─── DATASET SECTION
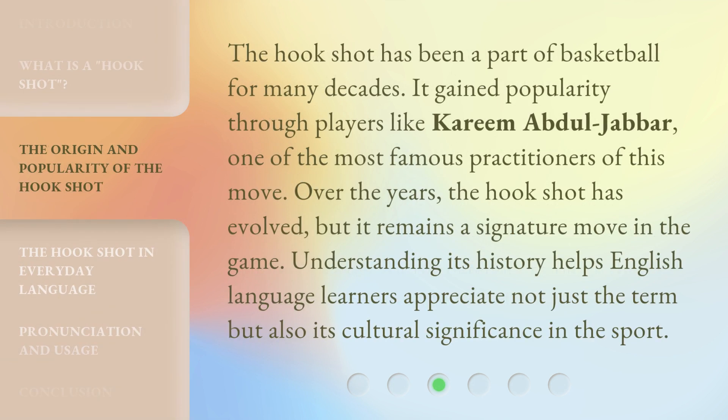The hookshot has been a part of basketball for many decades. It gained popularity through players like Kareem Abdul-Jabbar, one of the most famous practitioners of this move. Over the years, the hookshot has evolved, but it remains a signature move in the game. Understanding its history helps English language learners appreciate not just the term but also its cultural significance in the sport.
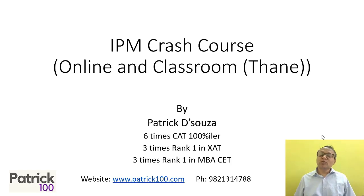Hi, my name is Patrick. This video is to tell you about the IPM crash course that we are holding for the IPM 2024 exam.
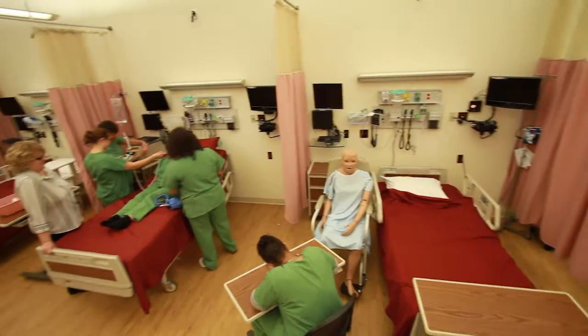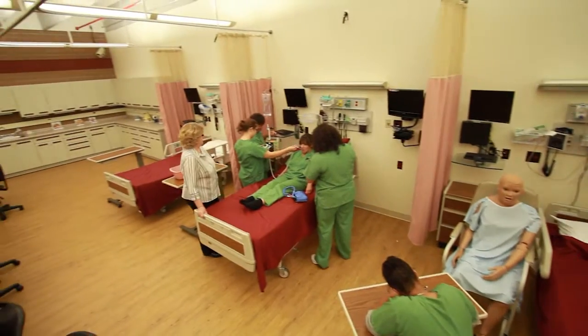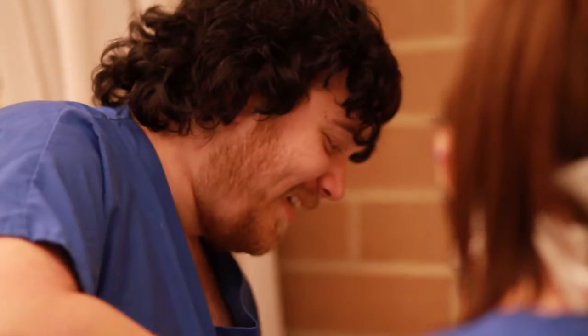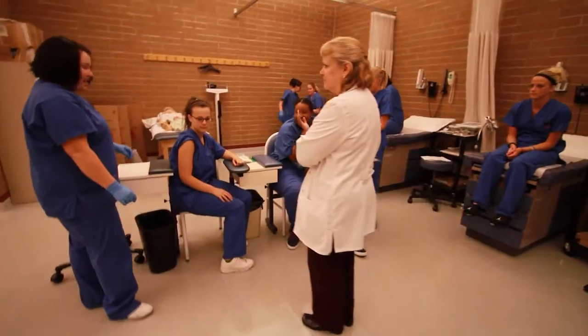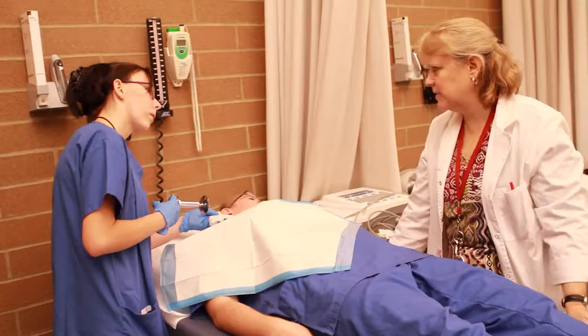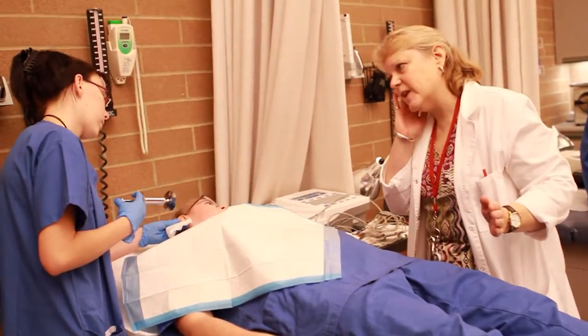At PTC, you may elect to study this program either on campus or online. Students who graduate with an Associate of Science degree in Medical Office Administration are employed in a variety of settings such as physicians' offices, hospitals, and physician billing organizations. Upon graduation, you can choose to sit for a national coding certification, a credential that is desired by many employers.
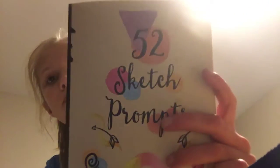I also got this 52 Sketch Prompts book. It has a ton of prompts for every week. One of them is here — Week 18: Make your own periodic table that includes the important elements of your life: people, places, objects, animals, etc. I just found this one now, but I'm really excited to do this.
──────
▶ _WHAT TO DO_: Working from the line with "At PTC, you" to the last line of the material above, repeat each line exactly and leave out the pictures.

▶ _RESULT OF THE EXERCISE_:
At PTC, you may elect to study this program either on campus or online. Students who graduate with an Associate of Science degree in Medical Office Administration are employed in a variety of settings such as physicians' offices, hospitals, and physician billing organizations. Upon graduation, you can choose to sit for a national coding certification, a credential that is desired by many employers.
I also got this 52 Sketch Prompts book. It has a ton of prompts for every week. One of them is here — Week 18: Make your own periodic table that includes the important elements of your life: people, places, objects, animals, etc. I just found this one now, but I'm really excited to do this.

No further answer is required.